15/03: Brussels Jazz Orchestra's Graphology
The Brussels Jazz Orchestra (BJO), an award-winning ensemble well known for its innovative approach, will be performing what looks like an intriguing multimedia piece at Dizzy's Club Coca-Cola this coming weekend (March 20-22). The group has commissioned six composers to team up with illustrator Philip Paquet for the creation of a "visual jazz score." Paquet's graphic novels will be projected on screen (in the form of videos), while the orchestra performs the six pieces, each of which relates to a specific illustrated story. The composers include Bert Joris, Lode Mertens, Dieter Limbourg, Pierre Drevet, and Michael Herr.
For more information about the performances, click here.
I recently had a chance to interview the BJO's Musical Director, Frank Vaganee, and illustrator Philip Paquet:
CD: Can you tell us a little about how Graphicology came about? What was the developmental process of this interesting project?
FV: Brussels Jazz Orchestra (BJO) is always looking for original ways to bring jazz music to a wider audience. Combining jazz with other art forms is one of the tools we use to reach a broader public. Belgium has a long tradition of graphic novels. Philip Paquet loves jazz music -- he's even a self-taught jazz bass player himself -- and much of his work is inspired by jazz music and musicians. So we had a match with Philip, and we could start working on the creative process.

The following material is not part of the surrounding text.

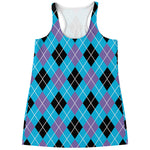 Blue Black And Purple Argyle Print Women's Racerback Tank Top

PP: BJO leader Frank Vaganee and manager Koen Maes approached me with the request of creating stories for this project. I didn't hesitate -- its' an honor to work with these amazing players, and the idea of mixing the music and the artwork turned out to be a vivid combination. Koen came up with the name Graphicology, a little reference to Charlie Parker.
I already had some stories that were perfect for Graphicology, taken from my graphic novels Louis, Snapshots, and Playin' Smilin' Fightin' Cookin', all jazz-inspired books. I drew two new stories as well: The Blues and the main theme Graphicology. Next I sat down with a movie editor and we created dynamic videos, a little animation here and there, within a certain timeframe. Then the composers got to work with the images -- basically the same process of making a movie soundtrack.

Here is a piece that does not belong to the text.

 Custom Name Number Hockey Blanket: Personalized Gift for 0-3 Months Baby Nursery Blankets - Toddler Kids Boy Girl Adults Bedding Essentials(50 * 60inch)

CD: Have you commissioned these composers before, or are these new collaborations?
FV: The composers are mostly musicians from our orchestra. There is also Bert Joris -- he's one of our greatest suppliers of music since the start of BJO 22 years ago. Everytime when we develop a new project, these composers are regularly involved.
CD: I'm assuming each composer has an individual approach; can you describe some of the ways the music relates to the projected videos?
PP: Each composer put his own voice in there, and every tune has it's own feel and vibe -- they did a great job! Bebop, Blues, New Orleans, Free... the whole jazz spectrum coveredů
I hope Graphicology will be well received in the US and that there will be other gigs...everybody, anywhere, can relate to jazz, but i'm really stoked that this fine project is finally landing in the motherland of this rich music.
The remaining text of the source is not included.